Dato il significato originario della responsabilità se ne può ricavare che costituisce la premessa di ogni azione dell’uomo nell’agire interumano, la condizione preliminare della morale. Partendo da questo dato fondamentale della natura umana diventa evidente come la responsabilità si estende in modo “orizzontale” verso tutto ciò che è animato (vedi l’empatia verso la vulnerabilità della vita organica tanto più manifesto quanto più la specie con cui trattiamo si avvicina all’umana).
Nel campo professionale la responsabilità si attua nel momento in cui il professionista ritiene di conoscere al meglio quel che è necessario per il paziente. Oggettivamente rimane in sospeso se quella convinzione sia legittima, poiché il fatto che il clinico dia seguito alla sua scelta terapeutica impedisce la prova di soluzioni alternative.

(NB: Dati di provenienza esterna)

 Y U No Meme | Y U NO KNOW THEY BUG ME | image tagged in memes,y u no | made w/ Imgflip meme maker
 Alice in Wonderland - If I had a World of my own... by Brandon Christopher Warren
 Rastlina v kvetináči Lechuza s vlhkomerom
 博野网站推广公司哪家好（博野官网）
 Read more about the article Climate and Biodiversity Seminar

Tuttavia l’indirizzo terapeutico da lui prescelto, prodotto di una determinata scuola di pensiero, fa parte del carattere inalienabile della responsabilità professionale nell’atto di prendere una decisione dalla quale spesso non si torna più indietro, come estrarre due quarti superiori in un giovane per eseguire un trattamento ortodontico corretto.

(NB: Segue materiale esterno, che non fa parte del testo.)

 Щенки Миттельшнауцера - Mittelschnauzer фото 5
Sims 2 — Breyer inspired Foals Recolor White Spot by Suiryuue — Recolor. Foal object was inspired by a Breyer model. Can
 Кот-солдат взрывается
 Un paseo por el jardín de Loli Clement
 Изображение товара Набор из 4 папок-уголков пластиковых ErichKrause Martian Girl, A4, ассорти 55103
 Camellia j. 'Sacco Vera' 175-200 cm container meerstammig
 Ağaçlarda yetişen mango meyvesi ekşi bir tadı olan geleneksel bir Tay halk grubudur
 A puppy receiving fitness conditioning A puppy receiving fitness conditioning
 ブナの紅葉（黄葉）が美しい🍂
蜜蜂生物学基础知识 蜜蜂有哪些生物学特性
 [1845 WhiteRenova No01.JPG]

Ovviamente il professionista deve rispondere delle sue azioni se è ritenuto responsabile di conseguenze negative, di cui eventualmente deve farsi carico. Il risarcimento riveste un carattere essenzialmente giuridico e, non in senso stretto, morale. Il danno deve essere riparato se l’attribuzione è in stretta connessione con l’azione e la conseguenza non si perde nell’indeterminato o ad una attenta analisi non sia imputabile a trascuratezza del paziente.
La riparazione giuridica del danno professionale va tenuta distinta dal concetto di punizione che ha un senso morale, in cui è l’azione ad essere punita più che le conseguenze. La differenza tra responsabilità legale e responsabilità morale si riflette nella distinzione tra diritto civile e penale. In entrambi i casi la responsabilità si riferisce alle azioni: in ambito civilistico si analizzano le conseguenze e si quantifica l’entità del danno arrecato, nel penale si giudica la qualità dell’azione in se stessa e non se sia causa di un effetto determinato.
Si possono dare circostanze prive di conseguenze dove tutto è stato predisposto per arrecare intenzionalmente un danno di cui è stata bloccata l’esecuzione. Il responsabile deve rispondere penalmente delle sue azioni, va da sé poi che l’azione andata a segno risulta più grave di quella fallita.